Short web captions:
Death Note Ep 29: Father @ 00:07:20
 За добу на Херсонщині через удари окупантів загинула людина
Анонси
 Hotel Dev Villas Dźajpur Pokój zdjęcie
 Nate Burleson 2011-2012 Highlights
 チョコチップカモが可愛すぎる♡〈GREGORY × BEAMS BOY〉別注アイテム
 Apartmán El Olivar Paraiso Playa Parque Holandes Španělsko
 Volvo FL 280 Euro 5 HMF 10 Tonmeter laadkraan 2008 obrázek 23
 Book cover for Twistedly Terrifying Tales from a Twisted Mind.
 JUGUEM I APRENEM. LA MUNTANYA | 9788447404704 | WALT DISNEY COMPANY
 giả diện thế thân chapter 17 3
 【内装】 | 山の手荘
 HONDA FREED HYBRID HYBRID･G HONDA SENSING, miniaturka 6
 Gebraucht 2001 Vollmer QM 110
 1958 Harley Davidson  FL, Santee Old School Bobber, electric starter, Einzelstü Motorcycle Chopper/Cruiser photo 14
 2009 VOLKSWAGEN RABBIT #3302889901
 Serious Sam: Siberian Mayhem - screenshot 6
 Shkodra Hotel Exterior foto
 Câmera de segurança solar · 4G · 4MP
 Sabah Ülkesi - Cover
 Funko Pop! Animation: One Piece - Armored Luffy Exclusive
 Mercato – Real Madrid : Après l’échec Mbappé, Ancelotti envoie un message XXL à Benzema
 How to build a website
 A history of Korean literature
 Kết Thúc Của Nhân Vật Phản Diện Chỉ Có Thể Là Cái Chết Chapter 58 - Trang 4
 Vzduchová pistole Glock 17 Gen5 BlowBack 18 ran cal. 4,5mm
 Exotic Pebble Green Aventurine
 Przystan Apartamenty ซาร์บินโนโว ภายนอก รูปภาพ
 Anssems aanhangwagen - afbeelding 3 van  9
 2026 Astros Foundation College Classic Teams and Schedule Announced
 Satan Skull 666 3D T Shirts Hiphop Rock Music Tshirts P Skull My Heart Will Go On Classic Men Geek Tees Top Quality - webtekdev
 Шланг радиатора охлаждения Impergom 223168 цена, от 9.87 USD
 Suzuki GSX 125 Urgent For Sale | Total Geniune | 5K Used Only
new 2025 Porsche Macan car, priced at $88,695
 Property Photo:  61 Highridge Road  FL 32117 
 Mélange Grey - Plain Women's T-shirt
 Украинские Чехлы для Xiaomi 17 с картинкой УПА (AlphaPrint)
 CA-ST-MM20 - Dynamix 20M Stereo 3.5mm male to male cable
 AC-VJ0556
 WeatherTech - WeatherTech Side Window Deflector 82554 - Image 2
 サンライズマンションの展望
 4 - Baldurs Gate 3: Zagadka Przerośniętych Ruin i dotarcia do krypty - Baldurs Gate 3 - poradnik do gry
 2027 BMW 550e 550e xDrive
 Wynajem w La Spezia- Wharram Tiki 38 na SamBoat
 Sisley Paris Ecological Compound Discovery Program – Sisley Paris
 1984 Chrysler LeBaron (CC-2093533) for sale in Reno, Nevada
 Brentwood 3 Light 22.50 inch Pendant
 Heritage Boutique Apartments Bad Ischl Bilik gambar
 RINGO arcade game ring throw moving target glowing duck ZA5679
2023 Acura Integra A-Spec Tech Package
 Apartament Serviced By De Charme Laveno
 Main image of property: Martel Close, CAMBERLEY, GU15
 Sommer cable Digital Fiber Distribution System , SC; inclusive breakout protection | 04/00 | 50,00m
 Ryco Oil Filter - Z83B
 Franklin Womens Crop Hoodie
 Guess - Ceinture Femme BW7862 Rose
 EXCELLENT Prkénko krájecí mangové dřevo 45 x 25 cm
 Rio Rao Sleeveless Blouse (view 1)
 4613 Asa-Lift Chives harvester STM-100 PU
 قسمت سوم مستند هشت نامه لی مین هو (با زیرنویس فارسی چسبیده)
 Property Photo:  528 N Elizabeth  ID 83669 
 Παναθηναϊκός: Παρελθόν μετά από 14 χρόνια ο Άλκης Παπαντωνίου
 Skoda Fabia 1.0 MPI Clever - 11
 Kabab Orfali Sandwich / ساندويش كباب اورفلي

WORK REQUEST:
The lines above from the one containing "Ryco Oil Filter - Z83B" through the one containing "4613 Asa-Lift Chives harvester STM-100 PU" are to be set down exactly, and no others.

RESULT OF THIS TASK:
 Ryco Oil Filter - Z83B
 Franklin Womens Crop Hoodie
 Guess - Ceinture Femme BW7862 Rose
 EXCELLENT Prkénko krájecí mangové dřevo 45 x 25 cm
 Rio Rao Sleeveless Blouse (view 1)
 4613 Asa-Lift Chives harvester STM-100 PU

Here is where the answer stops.